After realizing that his pleas to avoid arrest weren’t going to work, the Washington Post reported that immigration officer Scott Deiseroth started making threats to one of the arresting deputies, who is Black and speaks with a Caribbean accent.
“Are you Haitian?” the immigration agent asked the deputy who was just doing his job, responding to a call from another motorist who’d spotted the erratic driving.
After the Monroe County sheriff’s deputy said that race had nothing to do with the arrest, Deisoroth responded: “It does.” He then addressed the deputy’s partner, saying: “Your boy, he’s Haitian, right?” and vowed “to run some checks” on him and have him deported if things didn’t check out.
Deisoroth pleaded not guilty to the DUI charge and later, through his attorney, apologized for his behavior during the stop.
Still, there seems to be a pretty obvious problem here — a person in a position of power whose first instinct is to try to wield that power in an unethical way.
But beyond that, the other thing that struck me was that the only reason the story got out was because the arresting deputies were wearing body cameras that recorded the interaction. That’s how it should always be. Yet, as I wrote just last month, the agency Gov. Ron DeSantis has tapped to assist in immigration enforcement in this state — the Florida Highway Patrol — has decided not to use body cameras.
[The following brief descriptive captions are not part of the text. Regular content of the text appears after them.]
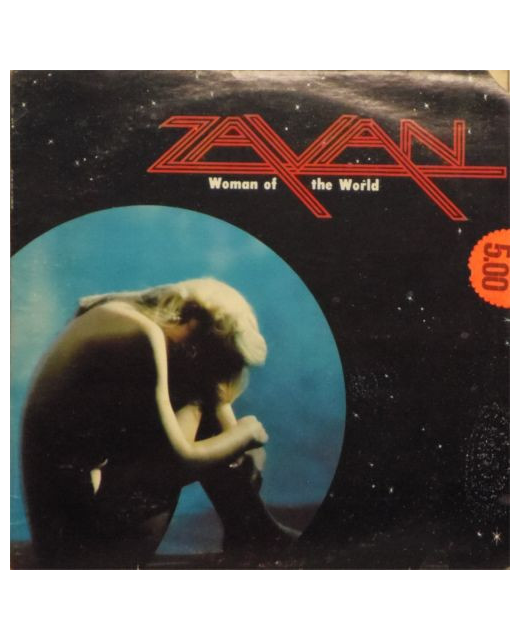 Zavan – Woman Of The World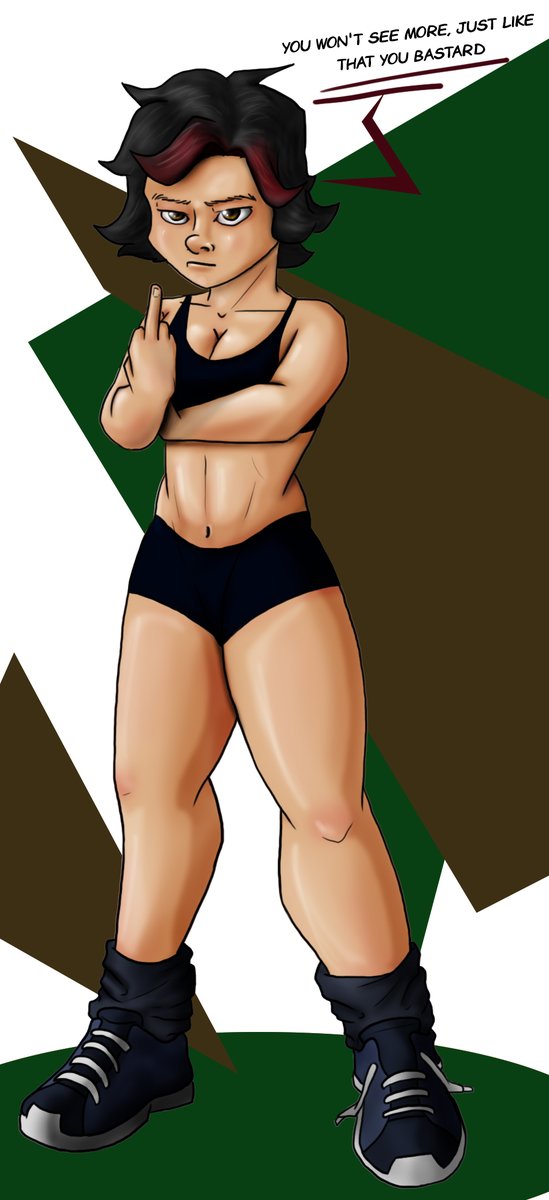 RamirezJho76604's tweet photo. les presento a Mila, el primer #oc es quien a estado joda y joda con el #sripgame por si la quieren ver, ya saben como https://t.co/iRiifjZP8s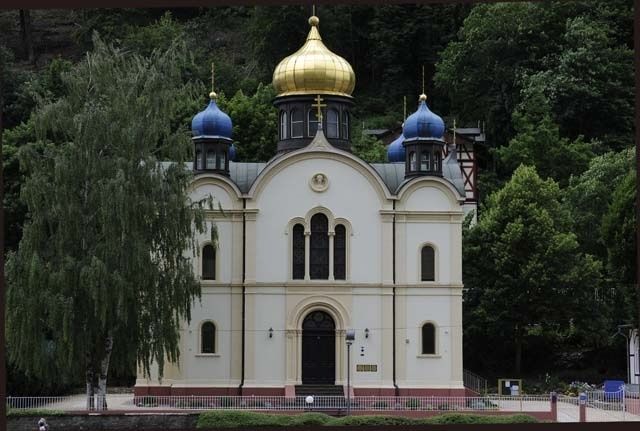 Russische Kirche Bad Ems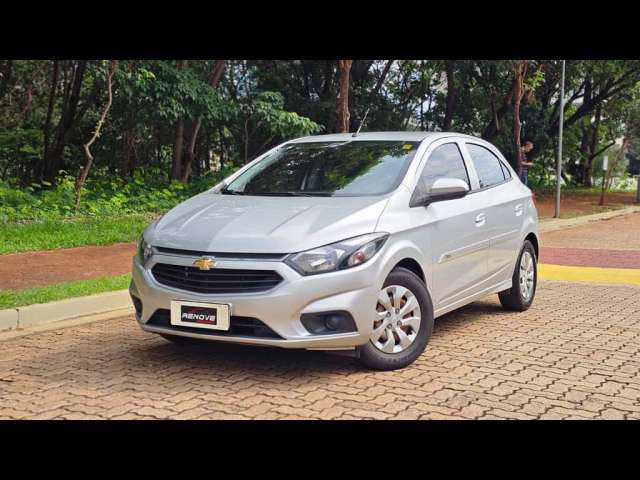 CHEVROLET ONIX 1.0 MPFI LT 8V FLEX 4P MANUAL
They instead rely on dashboard cams, which are often far removed from the action and sometimes don’t capture everything that happens during a stop.
Well, this recent incident involving the threat-making immigration officer shows pretty clearly why officers who do everything right would want everything captured on body cameras — and shows just as clearly why those who aren’t operating by the book are relieved when the cameras are MIA.
Maxwell: Florida Highway Patrol lacks body cameras, a rarity in 2025
Deaths on the job
In the other story, the Tampa Bay Times examined Florida’s history of relying on undocumented workers to carry out state construction projects, even as the state’s GOP politicians demonize those same workers who fill those jobs and put their lives at risk.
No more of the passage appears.